É no último andar, onde está localizado o Salão Nobre de Luís de Camões, que o edifício toma todo o partido da sua localização revelando, através das paredes envidraçadas, uma magnífica vista típica dos postais ilustrados de Hong Kong, tendo como pano de fundo um emaranhado de arranha-céus. De um lado perfilam-se os edifícios do Standard Chartered Bank, do Hong Kong and Shangai Banking Corporation e a torre do Banco da China, outro exemplo do arrojo arquitectónico da cidade, assinado por Ieoh Ming Pei, também responsável pela pirâmide de vidro do Museu do Louvre em Paris, e a quem foi encomendado o projecto de concepção do futuro Centro de Ciência de Macau. À frente, avista-se um vasto patamar de vegetação polvilhada por edifícios baixos, desde o Tribunal de Última Instância à Catedral de St. John, colégios e parques. Lá mais ao fundo ergue-se uma torre negra, propriedade de Li Ka Shing, o empre-sário mais rico de Hong Kong. E, pela direita, ladeada pela vegetação dos jardins Botânico e Zoológico de Hong Kong, surge uma peculiar construção de dois andares – a mansão dos antigos governadores de Hong Kong, onde aliás vários membros do Lusitano foram homenageados. No apogeu do século XIX os bailes do Club eram um acontecimento social que ninguém queria perder, e o mesmo se poderia dizer dos convívios promovidos entre as décadas de 60 e 80 do século passado, quando a influência do Lusitano se repercutia na própria administração da então colónia. Hoje, as instalações do clube continuam a ser cobiçadas mas por motivos mais pragmáticos. O Salão Nobre de Luís de Camões é especialmente do agrado de instituições comerciais para a realização das suas promoções e encontros. O American Chamber of Commerce, por exemplo, é uma presença assídua no edifício, tirando partido da sua localização, das infra-estruturas de apoio e, muito possivelmente, da paisagem para impressionar os seus convidados. “Claro que terá sempre de haver uma qualquer ligação a um sócio do clube, que requisita e se responsabiliza pelas acções dos seus convidados”, aclara Henrique Souza.
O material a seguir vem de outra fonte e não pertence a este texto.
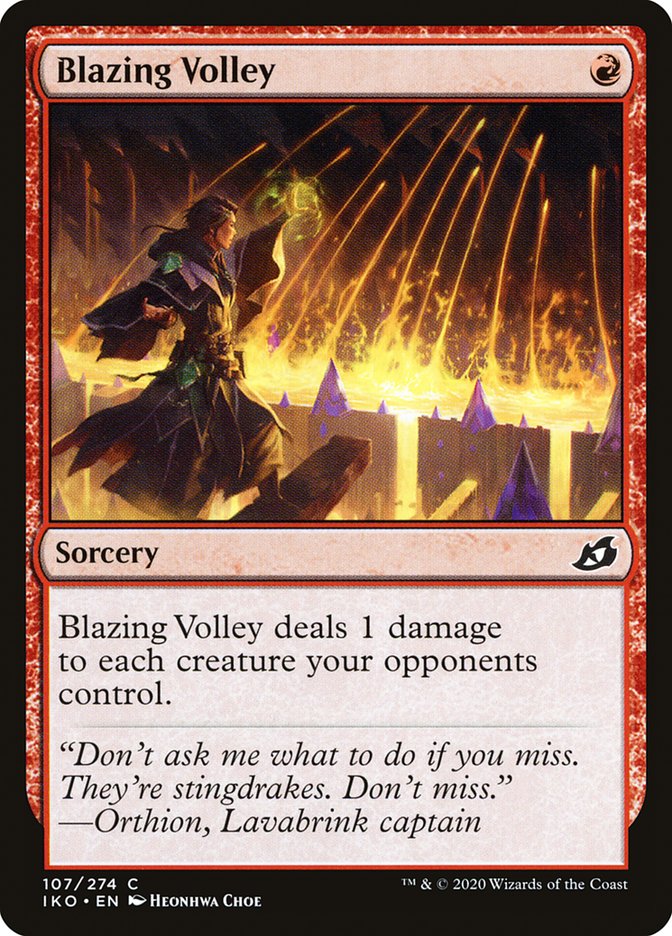 Blazing Volley [Ikoria: Lair of Behemoths] | Mega City Incorporated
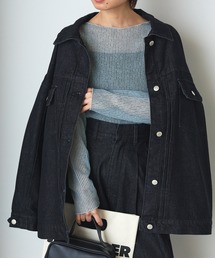 forksy. | 【forksy.】シアーストライプ長袖プルオーバー(Tシャツ/カットソー)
Contudo “o espaço está claramente subutilizado”, afirma o gestor. Fora eventos pontuais são meia dúzia os sócios que ali param num dia de semana. A mais recente excepção foi durante a realização do Campeonato do Mundo de Futebol, seguida muito atentamente pelos sócios até altas horas de madrugada (os jogos começaram entre as 21h00 e as 03h00, hora de Hong Kong). Retirando as inúmeras recepções aos chefes de Estado e governantes portugueses que visitaram a China nos últimos anos, o último grande evento promovido que encheu literalmente o clube foi uma recepção oferecida aos delegados ao Encontro das Comunidades Macaenses, em Novembro de 2004. O restaurante, que se pauta pela gastronomia portuguesa, ainda vai registando algum movimento durante os almoços, fruto da localização junto aos escritórios de vários membros. Mas tanto o bar como a sala de convívio não encontram par nos encontros de fim de tarde do passado, quando os sócios se reuniam ali para tomar o seu drink antes dos seus compromissos nocturnos.
As memórias e o futuro
Esses encontros são das recordações que mais emoção provocam a Arnaldo de Oliveira Sales, presidente do Club Lusitano desde 1967. O Grã-Cruz, Grande Oficial e Comendador da Ordem do Infante Dom Henrique (sendo a mais alta condecoração do Estado Português) recorda-se bem dos tempos em que era também presidente do Urban Council (administração municipal) de Hong Kong. “Encontrava-me aqui todos os dias com todos os meus amigos para tomar o nosso whisky e falarmos um pouco de tudo, desde política até aos casos mais necessitados da comunidade. O clube ajudou muita gente…”, recorda aquele que foi o grande dinamizador do Lusitano nas últimas quatro décadas.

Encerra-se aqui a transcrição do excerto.